Of course that doesn't mean we can't question our authorities, but where intelligence is involved it's extremely difficult to do so accurately because VERY little will ever be made public. As boring as it may sound - the government can't and don't control every little action of Police and our other agencies for their own political benefit.
They can control the public release of information about such threats/arrests and the following reaction.
In this case, it appears that if the AU Government didn't act publicly, the UK Government would.
There is a difference between making any necessary arrests and nothing more, saying "there was a threat, it has been prevented, carry on as normal" and turning the whole thing into a big show and increasing "security" in a way that ultimately does nothing more then increase the paranoia level and creating easier targets while doing nothing of any real use.
Liquid limits were put in place as a direct result of a "plot" that never got into operational planning and was not physical possible even it it had be tried.
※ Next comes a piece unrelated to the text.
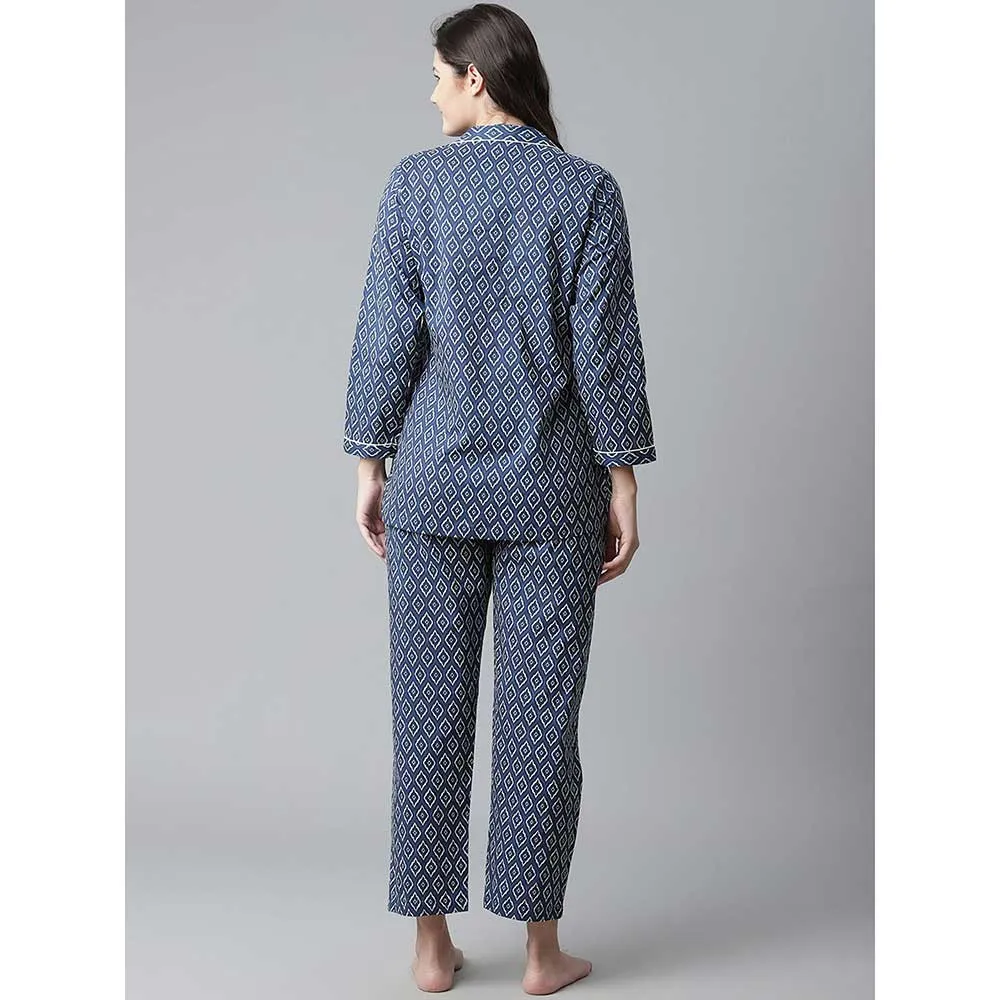 Divena Navy Blue Printed Cotton Nightsuit (Set of 2)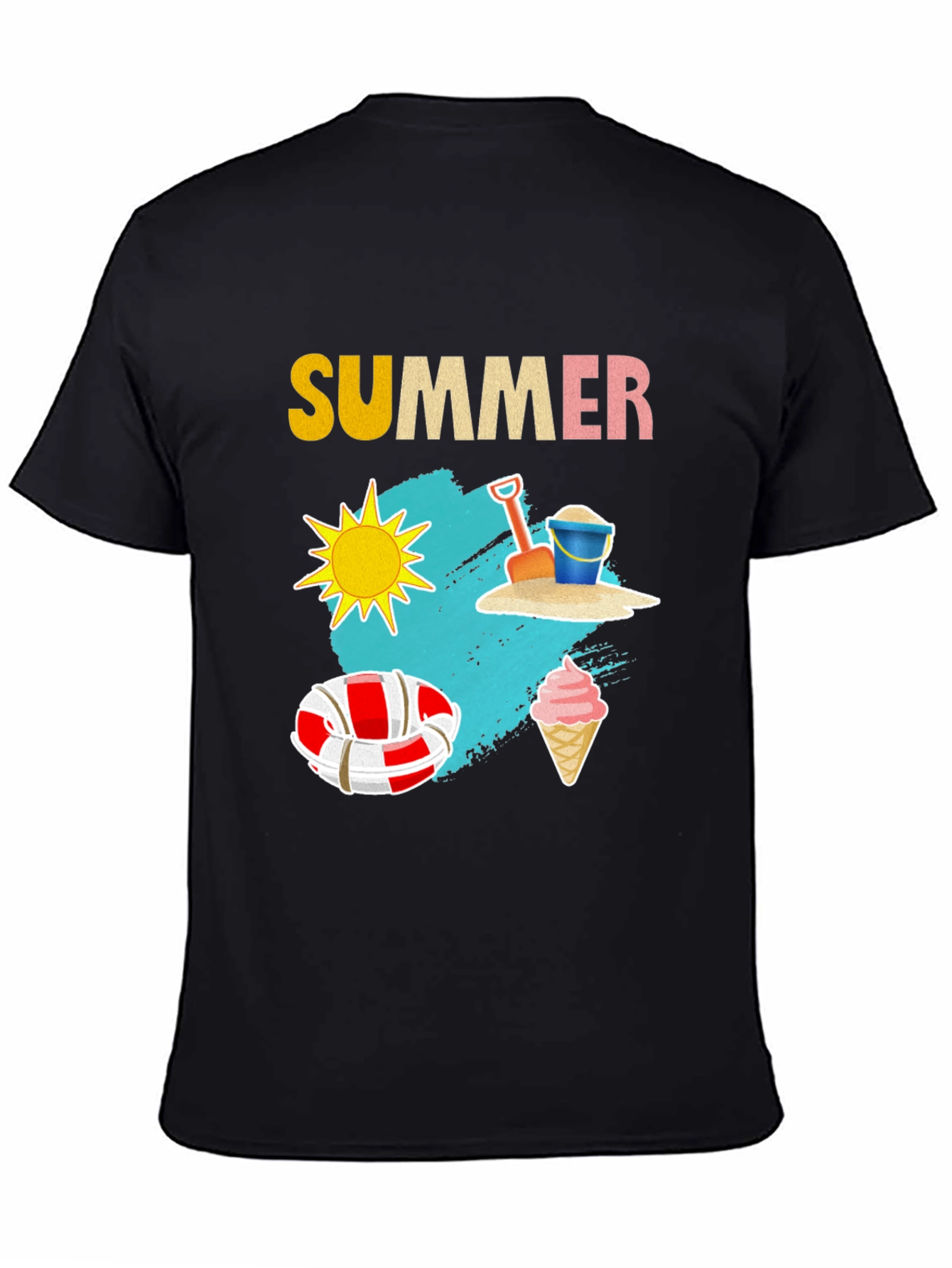 Black Summer T-Shirt with Beach Theme Graphic view 4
Body scanners, which don't work, are easily bypassed and have excessively high false positive scans, were rolled out as a direct result of an attempt which didn't work whose perpetrator was known to authorities, had been warned about by family members, didn't have a visa and was still let on the flight anyway.
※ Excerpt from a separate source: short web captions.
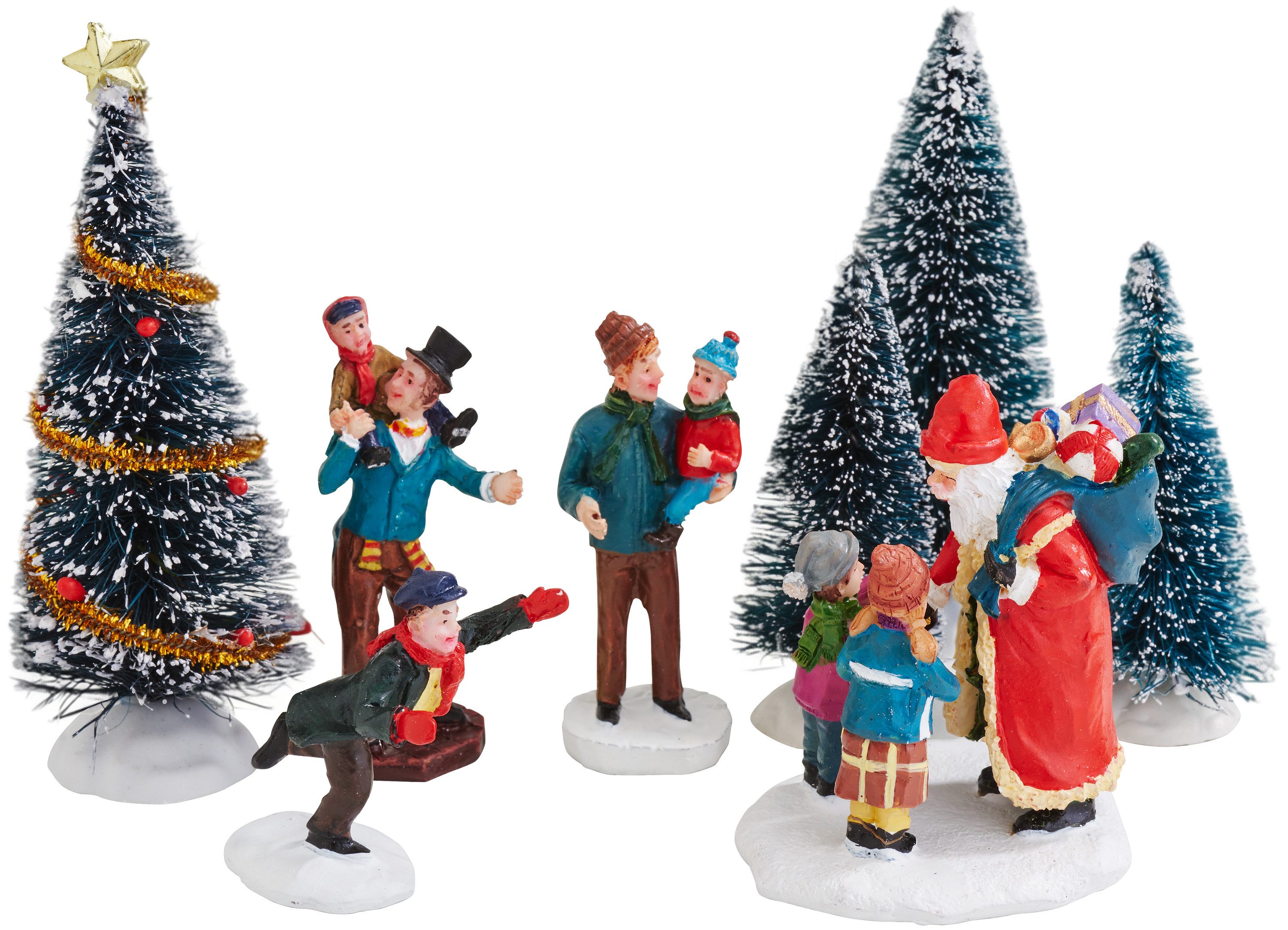 VBS Dekofigur Miniaturen-Set Weihnachtsmarkt, 8-tlg.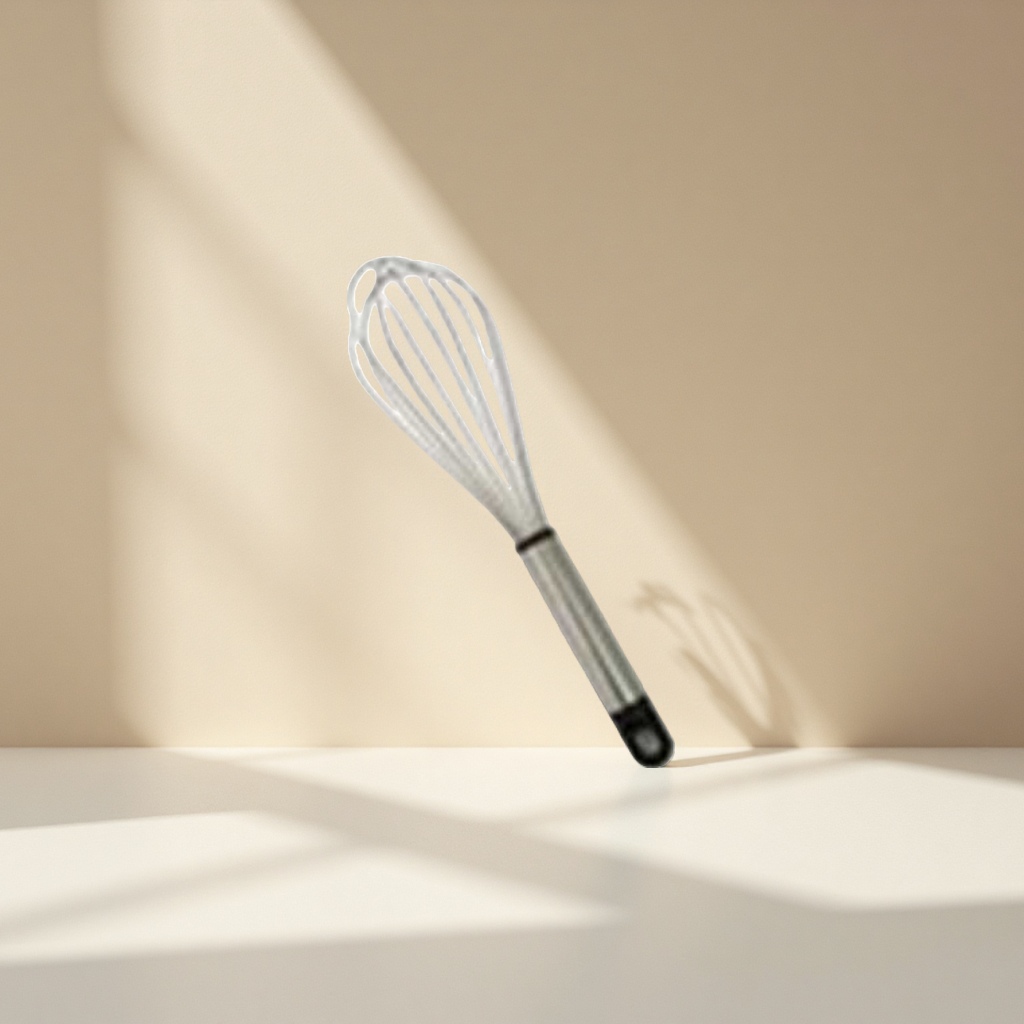 Silver metal egg beater, household baking manual whipper, high hardness, rust-proof and durable details Picture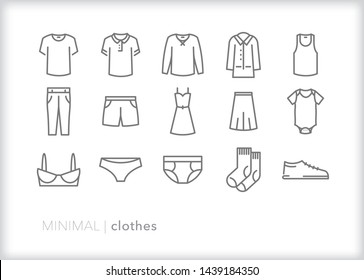 Set of 15 clothes line icons of shirts, shorts, pants, dress, skirt, coat, underwear, bra, socks, shoe, onesie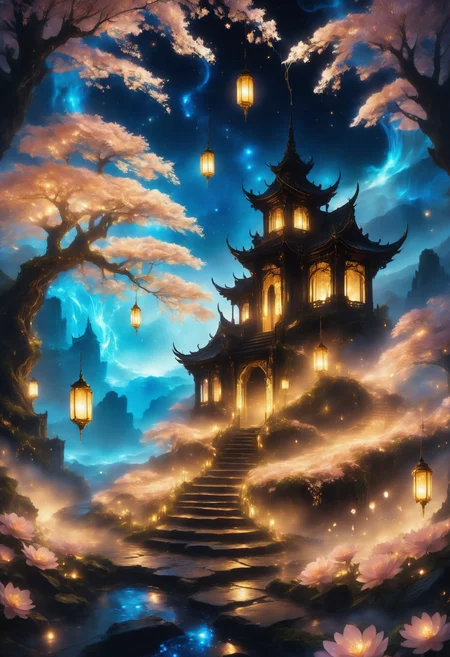 a fairytale fantasy landscape with cherry blossoms and wishlanterns in the sky by starLS <lora:stardustlandscapes-000006:1> <lora:SDXLFaeTastic2400:0.5>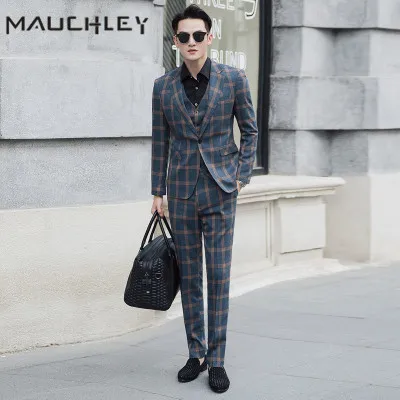 Double Breasted Men Suit With Vest Pants 3 Piece Retro Orange Grey Checkered Slim Fit Plus Size 5XL Wedding Suits for Men 2020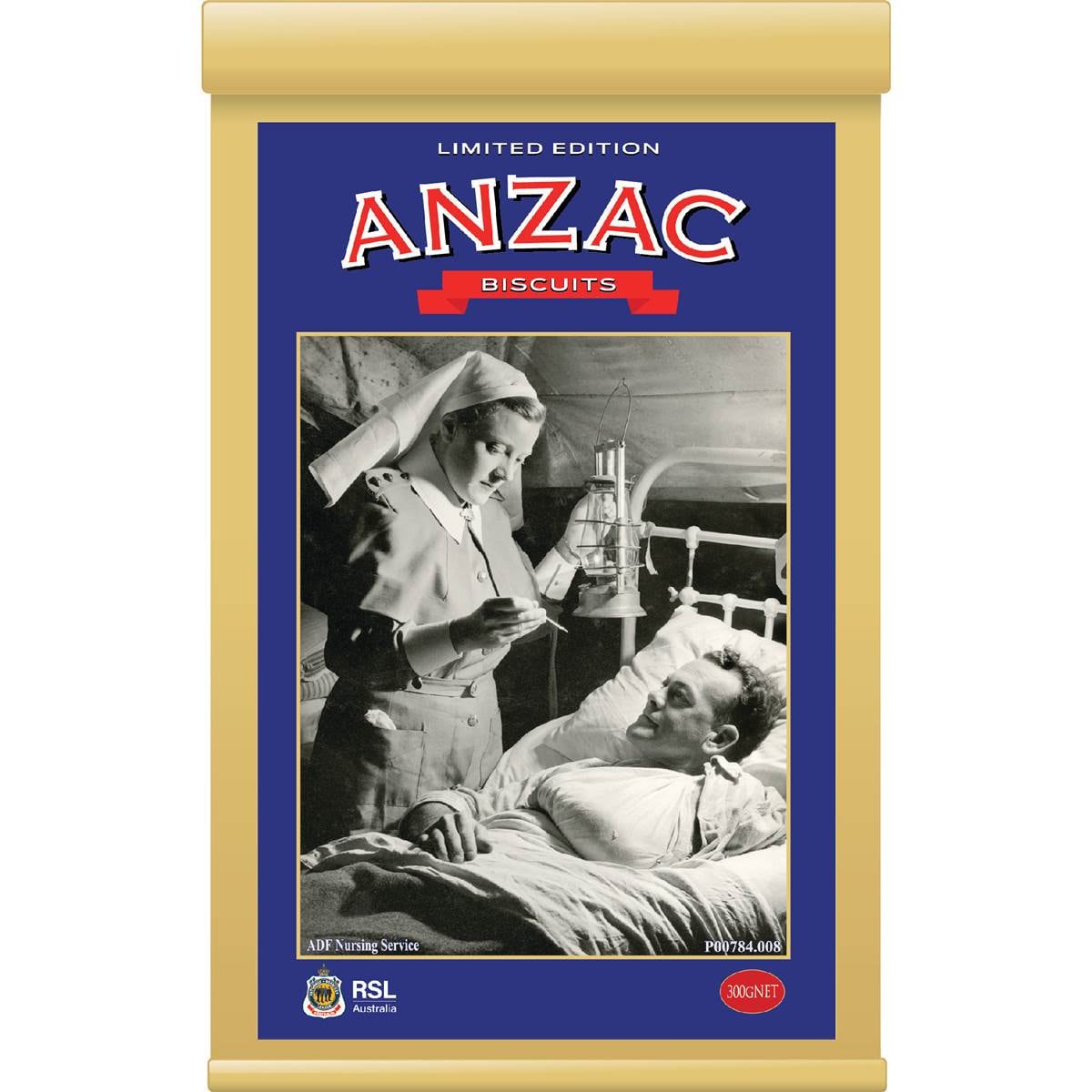 Bakers Finest Anzac Biscuits Tin Nurse Service 300g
Shoes are required to come off at checkpoints in many parts of the world as a direct result of an attempt which also didn't work whose perpetrator was again known to authorities and had been stopped and turned away at the checkpoint. Where upon he returned the next day and was guided around the screening.
There is also the US government making threats about "do this at screening, or we'll ban large electronics on flights to/from US".
While there is some level of threat, such threat is often overblown by authorities. Even though authorities can't (always) control such actions, they can and do control the response to said actions. Such response is usually unwarranted and often far more damaging then the thing they prevented would have been.